▶ Extracted entries

################

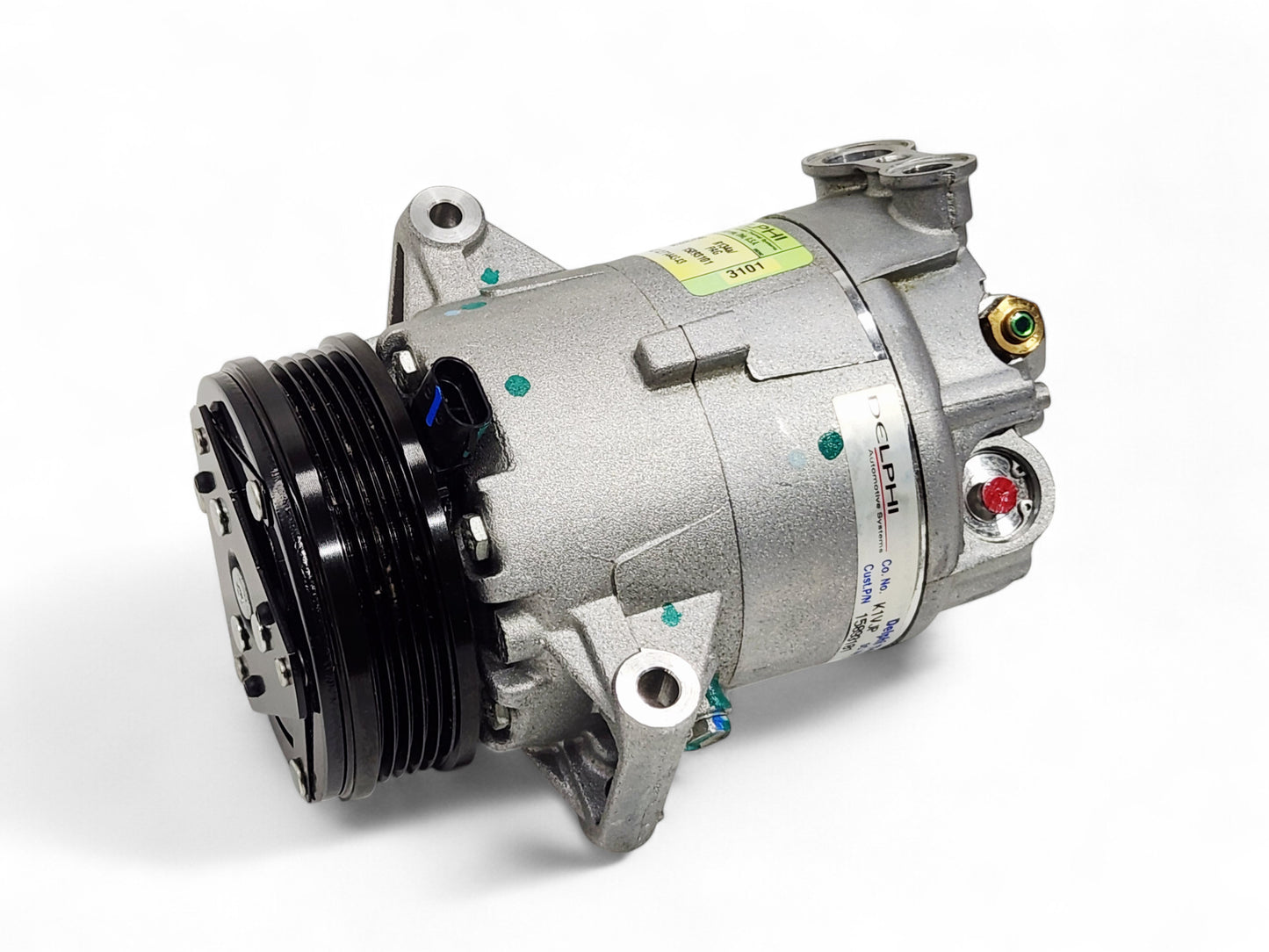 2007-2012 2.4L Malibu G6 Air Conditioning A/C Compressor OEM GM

################

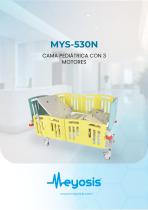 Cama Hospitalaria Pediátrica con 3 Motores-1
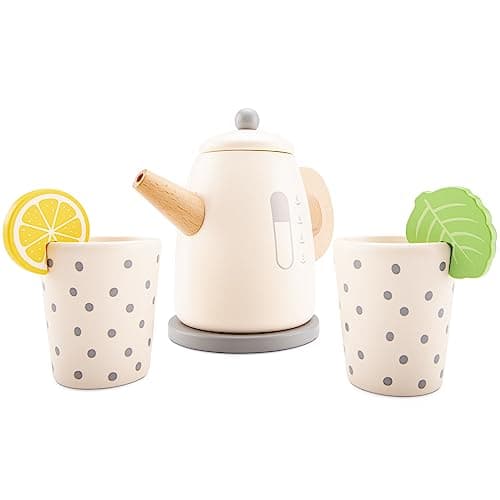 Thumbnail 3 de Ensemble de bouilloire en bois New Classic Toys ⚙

################

▶ The task
Taking the entries above, extract every line from the one bearing "Cama Hospitalaria Pediátrica con 3 Motores-1" through the one bearing "Thumbnail 3 de", exactly, with no pictures.

▶ Output below
 Cama Hospitalaria Pediátrica con 3 Motores-1
 Thumbnail 3 de Ensemble de bouilloire en bois New Classic Toys ⚙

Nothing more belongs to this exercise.